Ein Schüler dokumentiert den angeblich maroden Zustand seines Weidener Gymnasiums auf Instagram. Doch wie schlimm ist es mit dem Investitionsstau an Bayerns Schulen wirklich? Eine Spurensuche.

Von Maximilian Gerl, Andreas Glas und Lisa Schnell, Weiden/München

Eine Salami-, eine Tomaten-, eine Gurkenscheibe. Das sind die Zutaten einer Debatte, die sich am Kepler-Gymnasium in Weiden abspielt. Denn die Kombination Salami, Tomate, Gurke ergibt zwar ein feines Pausenbrot, aber in Weiden kleben diese Zutaten scheibenweise an der Schuldecke. Und das seit zehn Jahren, behauptet ein Schüler, der seiner Schule neulich via Instagram zum 150. Geburtstag gratulierte. "Danke für die Heizungen, die nie warm werden", schrieb er: "danke für die Pflanzen, die aus der Decke wachsen", danke auch für Salami, Tomate und Gurke. Dazu gab es Fotos, die offensichtlich den Zustand des Gymnasiums belegen sollten. Dafür bekam der Schüler mehr als 800 Herzchen und Dutzende Kommentare: "so true", "so real", "kann es nicht besser ausdrücken".

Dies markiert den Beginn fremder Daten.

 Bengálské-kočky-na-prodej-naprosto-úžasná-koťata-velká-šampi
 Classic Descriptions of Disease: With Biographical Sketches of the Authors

Die vergifteten Glückwünsche haben offenbar einen Nerv getroffen, nicht nur in Weiden. Man hört das ja immer wieder: dass sehr viele Schulen sehr renovierungsbedürftig sind - und dass die Sanierungen sehr langsam vorangehen. Wie schlimm ist es wirklich? Nicht nur am Kepler-Gymnasium, sondern überhaupt in Bayern?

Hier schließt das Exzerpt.